It goes without saying that the increase in merger filing thresholds resulted in a fall in the number of transactions notified to the AMCU, which is a very positive sign for business. However, certain issues relating to mergers are still treated by Ukrainian competition laws differently than in the European Union. Such particularities of national regulation should be considered carefully to avoid unintentional violation of the relevant laws. In this article several most common “traps” of Ukrainian merger control regulations are described.

 

Certain actions may be qualified as concentrations that are notifiable in Ukraine, although in fact they neither have a Ukrainian nexus nor involve a transfer of control

Purchase of a foreign company with no nexus to Ukraine may still require AMCU merger clearance

One could consider that an acquisition of a foreign company without assets and turnover in Ukraine should not be subject to the approval of the local competition authority as the transaction does not have the local nexus. However, this is not the case in Ukraine. Ukrainian legislation does not contain a notion of “undertakings concerned”. Instead, it treats legal entities and individuals connected by control relations as a single undertaking. In other words, financials of all undertakings connected by control to the target company should be taken into account while calculating the financials of the target. This is true even when certain undertakings of the group have nothing to do with the transaction and the seller ceases to exercise control over the target as a result of concentration. For instance, if the acquirer purchases 100% of shares in a French company (active only in France) from a Dutch entity which had sales in Ukraine last year, such merger may be subject to approval by the AMCU even though the Dutch entity will cease to control the French company and the latter has no nexus to Ukraine. Moreover, due to the above particularities of Ukrainian legislation, even the purchaser of a shell company may be subject to prior receipt of AMCU approval.

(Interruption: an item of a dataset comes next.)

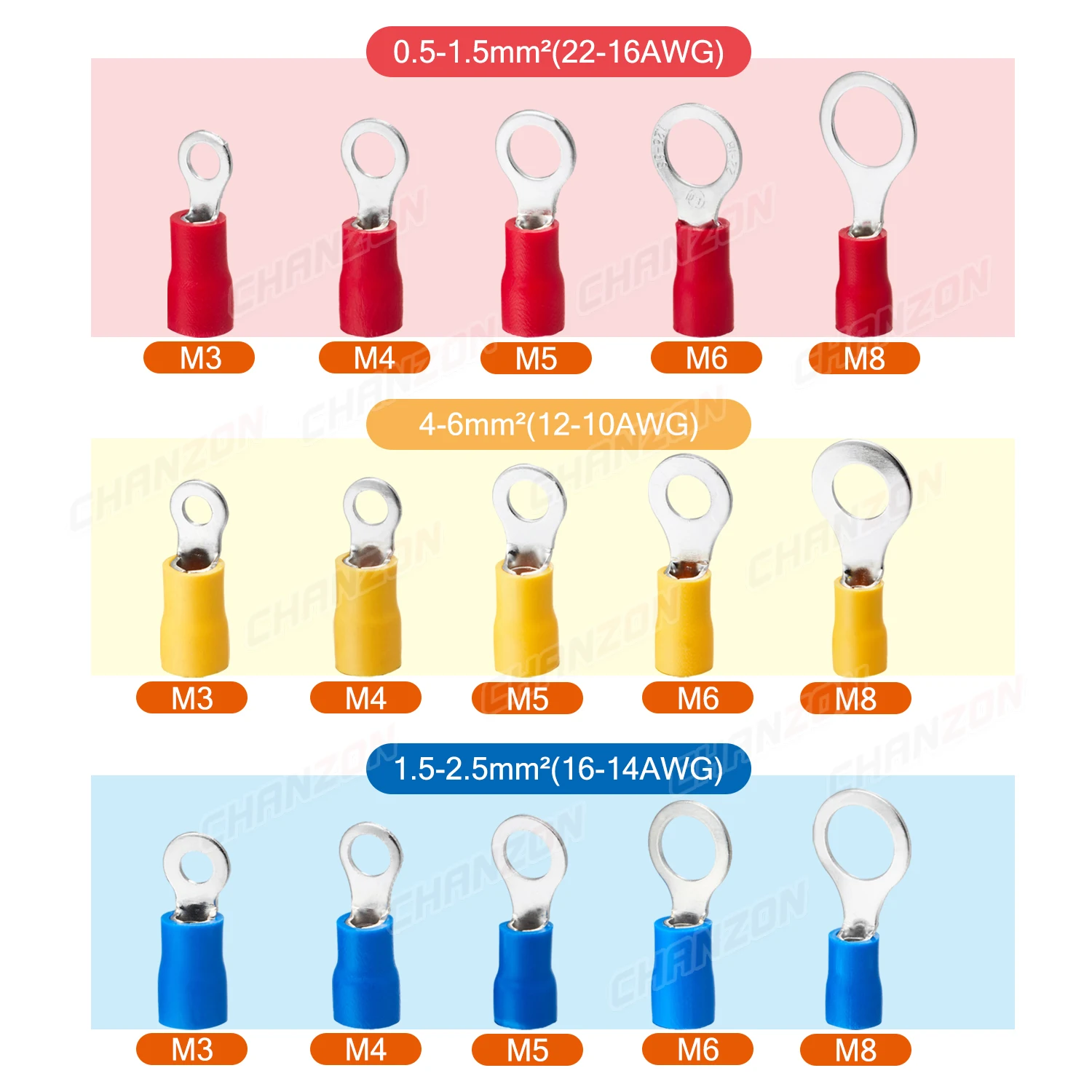60/210PCS Rv1.25 Rv2 Rv5 Isolierte Ring Crimp Draht Anschlüsse Kit Elektrische Verdrahtung Crimpen Kabel Werkzeug Terminal rot Blau Gelb – Detail 3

Taking into account the above, even when acquiring a company that has no assets and sales in Ukraine, it is particularly important to analyze the structure of the target group and ensure that the group’s assets and sales in Ukraine for the last financial year did not exceed EUR 4 million. If the relevant threshold was exceeded, other merger filing thresholds should be examined to decide on the necessity to file in Ukraine.

 

Establishment of a new company may also be subject to AMCU approval

It is often the case that a new business is established using the funds of two or more independent investors contributing to the charter capital of a newly-established company. The incorporation of such a joint venture may be subject to prior merger clearance of the AMCU. The same applies to the incorporation of a special purpose vehicle (SPV) by several shareholders for the implementation of a certain transaction. If the relevant financial thresholds are exceeded, two separate merger approvals are required — one for the creation of the SPV and another — for the merger itself. In such case, the establishment of the SPV without AMCU approval is considered a violation of Ukrainian competition regulations, even if the merger itself has not been taken place.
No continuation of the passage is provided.